Pour les filles qui souhaiteraient se défendre physiquement ou verbalement, de nombreux outils abondent sur le net, tel que les guides « non c’est non » de Irène Zeilinger ou « échappez belle » de l’Asbl Garance ou encore les bons conseils de Sarah la Crieuse. La place des adolescentes restent hélas encore une conquête, mais toute personne présente doit pouvoir les soutenir dans leur droit à la ville, à la sécurité et au respect. L’association Hollaback ! propose de nombreux cours mais aussi ressources en ligne afin de faire face aux discriminations envers les femmes, la communauté LGBTQI+, les personnes racisées ou toute autre identité marginalisée. Touche Pas à Ma Pote se fait le relais de ces bonnes pratiques en Belgique. Jana Korn suggère de créer une responsabilité partagée des plaintes posées envers des agresseurs, ce qui permettrait de diminuer la peur du témoignage.
Autres points importants
« J’ai pas à prévenir mes parents, je vais avoir 17 ans. » (Nikola, 16 ans)« Évidemment, j’envoie toujours un message pour dire où je suis. » (Rita, 20 ans)
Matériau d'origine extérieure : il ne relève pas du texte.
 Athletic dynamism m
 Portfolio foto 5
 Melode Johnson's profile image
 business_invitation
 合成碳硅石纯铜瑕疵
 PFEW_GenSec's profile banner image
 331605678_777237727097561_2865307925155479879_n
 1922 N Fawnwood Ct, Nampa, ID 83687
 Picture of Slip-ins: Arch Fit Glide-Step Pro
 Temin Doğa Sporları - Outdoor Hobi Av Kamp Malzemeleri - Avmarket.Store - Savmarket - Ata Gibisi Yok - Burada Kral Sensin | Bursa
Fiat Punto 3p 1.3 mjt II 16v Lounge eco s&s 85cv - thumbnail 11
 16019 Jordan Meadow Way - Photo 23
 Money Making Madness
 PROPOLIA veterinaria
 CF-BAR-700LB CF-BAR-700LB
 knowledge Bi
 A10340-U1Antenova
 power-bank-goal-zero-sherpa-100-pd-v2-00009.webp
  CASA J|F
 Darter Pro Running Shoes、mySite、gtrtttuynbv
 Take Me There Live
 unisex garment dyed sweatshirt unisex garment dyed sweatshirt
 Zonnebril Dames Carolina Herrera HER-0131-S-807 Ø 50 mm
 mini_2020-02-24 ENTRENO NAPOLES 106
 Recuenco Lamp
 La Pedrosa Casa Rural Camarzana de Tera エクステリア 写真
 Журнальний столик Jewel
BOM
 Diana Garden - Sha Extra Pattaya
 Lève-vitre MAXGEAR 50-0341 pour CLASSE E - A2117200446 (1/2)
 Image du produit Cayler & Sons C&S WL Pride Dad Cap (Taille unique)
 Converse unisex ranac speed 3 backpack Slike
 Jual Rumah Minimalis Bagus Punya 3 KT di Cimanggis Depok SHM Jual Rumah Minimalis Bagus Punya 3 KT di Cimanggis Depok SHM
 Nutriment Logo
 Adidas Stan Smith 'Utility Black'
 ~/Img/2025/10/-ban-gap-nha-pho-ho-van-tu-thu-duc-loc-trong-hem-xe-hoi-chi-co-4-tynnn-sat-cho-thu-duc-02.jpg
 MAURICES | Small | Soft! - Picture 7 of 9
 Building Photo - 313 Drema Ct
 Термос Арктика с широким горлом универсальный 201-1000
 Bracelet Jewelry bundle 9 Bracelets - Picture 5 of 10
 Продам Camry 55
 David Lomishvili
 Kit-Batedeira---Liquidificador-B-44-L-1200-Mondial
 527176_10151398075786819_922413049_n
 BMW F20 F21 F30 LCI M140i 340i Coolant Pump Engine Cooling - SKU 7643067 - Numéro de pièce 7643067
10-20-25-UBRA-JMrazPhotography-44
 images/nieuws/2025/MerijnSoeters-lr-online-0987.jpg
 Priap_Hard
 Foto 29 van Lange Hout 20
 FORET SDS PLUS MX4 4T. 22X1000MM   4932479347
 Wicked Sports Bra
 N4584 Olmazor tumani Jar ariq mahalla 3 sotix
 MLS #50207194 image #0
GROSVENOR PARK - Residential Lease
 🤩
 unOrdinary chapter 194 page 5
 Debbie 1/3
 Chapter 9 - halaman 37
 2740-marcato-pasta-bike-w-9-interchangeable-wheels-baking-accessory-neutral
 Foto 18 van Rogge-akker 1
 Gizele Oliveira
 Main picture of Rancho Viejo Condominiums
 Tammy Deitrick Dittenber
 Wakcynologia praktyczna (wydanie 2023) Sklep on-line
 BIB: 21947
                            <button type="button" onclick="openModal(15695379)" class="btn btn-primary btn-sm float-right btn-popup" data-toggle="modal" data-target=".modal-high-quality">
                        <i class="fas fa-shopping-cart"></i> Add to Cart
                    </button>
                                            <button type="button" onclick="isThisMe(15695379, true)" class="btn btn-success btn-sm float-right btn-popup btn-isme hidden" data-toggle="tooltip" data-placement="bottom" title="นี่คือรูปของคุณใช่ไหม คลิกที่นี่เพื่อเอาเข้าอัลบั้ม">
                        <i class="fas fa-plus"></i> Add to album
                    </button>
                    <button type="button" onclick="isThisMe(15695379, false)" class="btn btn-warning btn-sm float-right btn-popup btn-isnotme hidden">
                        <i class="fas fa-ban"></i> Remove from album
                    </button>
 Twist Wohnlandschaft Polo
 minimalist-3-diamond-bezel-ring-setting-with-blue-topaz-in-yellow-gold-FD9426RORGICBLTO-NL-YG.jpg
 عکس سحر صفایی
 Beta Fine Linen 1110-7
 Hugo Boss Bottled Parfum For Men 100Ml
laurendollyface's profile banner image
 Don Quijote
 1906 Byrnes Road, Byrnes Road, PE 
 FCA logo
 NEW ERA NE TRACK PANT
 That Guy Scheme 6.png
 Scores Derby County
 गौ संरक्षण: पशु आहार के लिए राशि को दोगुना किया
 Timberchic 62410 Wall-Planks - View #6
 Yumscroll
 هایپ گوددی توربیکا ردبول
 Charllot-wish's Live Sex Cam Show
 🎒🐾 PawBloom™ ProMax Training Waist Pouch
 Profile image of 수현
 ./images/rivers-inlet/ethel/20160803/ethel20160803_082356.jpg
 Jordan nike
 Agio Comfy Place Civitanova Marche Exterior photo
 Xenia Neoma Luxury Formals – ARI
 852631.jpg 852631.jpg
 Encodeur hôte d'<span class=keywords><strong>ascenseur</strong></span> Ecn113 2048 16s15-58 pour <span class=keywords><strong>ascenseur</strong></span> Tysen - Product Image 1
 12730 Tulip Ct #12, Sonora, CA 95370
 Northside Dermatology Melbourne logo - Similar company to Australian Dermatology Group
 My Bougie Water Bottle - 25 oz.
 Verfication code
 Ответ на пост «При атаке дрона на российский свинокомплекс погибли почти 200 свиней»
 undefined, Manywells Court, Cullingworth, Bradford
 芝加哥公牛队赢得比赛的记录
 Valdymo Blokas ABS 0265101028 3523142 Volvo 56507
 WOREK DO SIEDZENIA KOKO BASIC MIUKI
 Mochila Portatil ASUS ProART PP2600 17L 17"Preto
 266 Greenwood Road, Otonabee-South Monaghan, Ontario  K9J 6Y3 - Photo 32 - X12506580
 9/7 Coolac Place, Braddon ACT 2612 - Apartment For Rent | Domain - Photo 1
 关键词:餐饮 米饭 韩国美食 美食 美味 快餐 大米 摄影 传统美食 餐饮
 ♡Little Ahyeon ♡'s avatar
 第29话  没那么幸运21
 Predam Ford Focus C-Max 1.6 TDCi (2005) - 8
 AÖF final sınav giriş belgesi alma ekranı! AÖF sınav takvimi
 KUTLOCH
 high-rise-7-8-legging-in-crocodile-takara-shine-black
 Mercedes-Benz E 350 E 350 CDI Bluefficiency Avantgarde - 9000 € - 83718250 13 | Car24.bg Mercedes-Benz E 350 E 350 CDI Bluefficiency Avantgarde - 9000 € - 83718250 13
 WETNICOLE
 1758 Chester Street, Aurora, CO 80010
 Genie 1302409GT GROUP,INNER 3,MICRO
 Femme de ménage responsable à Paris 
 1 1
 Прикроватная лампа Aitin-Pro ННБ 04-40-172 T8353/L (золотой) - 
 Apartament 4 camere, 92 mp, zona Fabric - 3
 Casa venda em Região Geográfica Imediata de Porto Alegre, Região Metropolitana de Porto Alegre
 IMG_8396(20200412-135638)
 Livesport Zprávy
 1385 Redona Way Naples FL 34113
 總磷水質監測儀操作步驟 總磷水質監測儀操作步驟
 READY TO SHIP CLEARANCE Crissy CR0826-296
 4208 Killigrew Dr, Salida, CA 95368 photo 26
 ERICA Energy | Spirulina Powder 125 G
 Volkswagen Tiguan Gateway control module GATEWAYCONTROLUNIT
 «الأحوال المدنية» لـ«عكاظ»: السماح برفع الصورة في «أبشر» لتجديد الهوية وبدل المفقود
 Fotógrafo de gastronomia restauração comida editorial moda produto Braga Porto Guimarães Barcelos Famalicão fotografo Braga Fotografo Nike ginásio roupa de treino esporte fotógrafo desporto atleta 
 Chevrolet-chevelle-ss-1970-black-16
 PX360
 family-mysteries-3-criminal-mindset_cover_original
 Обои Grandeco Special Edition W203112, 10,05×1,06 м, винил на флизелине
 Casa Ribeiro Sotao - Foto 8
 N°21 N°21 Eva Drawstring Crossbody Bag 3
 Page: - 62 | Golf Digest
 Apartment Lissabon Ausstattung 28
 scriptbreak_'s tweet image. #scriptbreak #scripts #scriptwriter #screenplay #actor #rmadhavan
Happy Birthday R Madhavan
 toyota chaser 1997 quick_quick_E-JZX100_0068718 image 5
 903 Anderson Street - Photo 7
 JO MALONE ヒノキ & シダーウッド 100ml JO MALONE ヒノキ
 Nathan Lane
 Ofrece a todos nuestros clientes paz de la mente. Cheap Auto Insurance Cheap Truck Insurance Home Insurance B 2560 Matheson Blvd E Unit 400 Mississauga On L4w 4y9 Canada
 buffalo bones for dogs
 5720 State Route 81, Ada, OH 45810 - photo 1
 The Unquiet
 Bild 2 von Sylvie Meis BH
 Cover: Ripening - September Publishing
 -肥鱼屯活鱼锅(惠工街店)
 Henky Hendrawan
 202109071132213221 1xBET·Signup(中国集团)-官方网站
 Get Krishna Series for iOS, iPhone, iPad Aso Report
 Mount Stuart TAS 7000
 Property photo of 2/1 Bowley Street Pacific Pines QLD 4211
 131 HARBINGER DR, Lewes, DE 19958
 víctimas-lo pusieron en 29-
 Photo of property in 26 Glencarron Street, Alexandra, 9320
« On est beaucoup plus dehors que nos amies filles. » (Clément, 17 ans)
Prévenir ses parents ou ami·e·s de ses déplacements est une habitude fortement ancrée chez les filles, tandis que les garçons ne ressentent pas la nécessité de rassurer leurs proches.
« On revient de la Fnac pour acheter un livre, les vendeurs se renvoyaient tous la balle pour pas avoir à s’occuper de nous. » (Stef, 16 ans)
« (Imitant un adulte) Vous les jeunes, vous faites que crier ! » (Élodie, 14 ans)
« On nous regarde un peu en mode “jeunesse perdue”. » (Alya, 16 ans)
Certain·e·s nous ont aussi fait part d’une discrimination liée à leur âge. Ils ont souvent la sensation de ne pas être les bienvenus dans certains espaces publics.
Dans une brochure de unia.be (institution publique indépendante qui lutte contre la discrimination et défend l’égalité des chances en Belgique), « Too young ? Too old ? Age discrimination » les auteurs expliquent que les discriminations liées à l’âge sont alimenter par des stéréotypes ou par des préjugés. « Une distinction ou une inégalité de traitement liée à l’âge d’une personne est trop souvent considérée à tort comme normale, neutre et admissible. » Cette institution incite les jeunes (comme les personnes âgées) à signaler les discriminations de ce genre.
Avancer
L’aménagement ou ré-aménagement des espaces publics est une étape fondamentale dans la production d’une ville plus inclusive. Cependant, cela ne sera qu’une solution dite « cosmétique » s’il n’y a pas en parallèle une déconstruction des stéréotypes et préjugés.Afin d’accélèrer la prise de conscience et la levé des tabous, nous avons trouvé pertinent les projets incitant les adolescent·e·s à signaler les discrimination dont iels sont victimes, et proposant la mise en place d’ateliers de prévention et de sensibilisation dans les écoles, les réunions lors d’aménagements publics et les entreprises directement ou indirectement en lien avec un public jeune. Il est de notre responsabilité à toustes d’aider les adolescentes à ne plus être « seulement de passage » dans les lieux publics.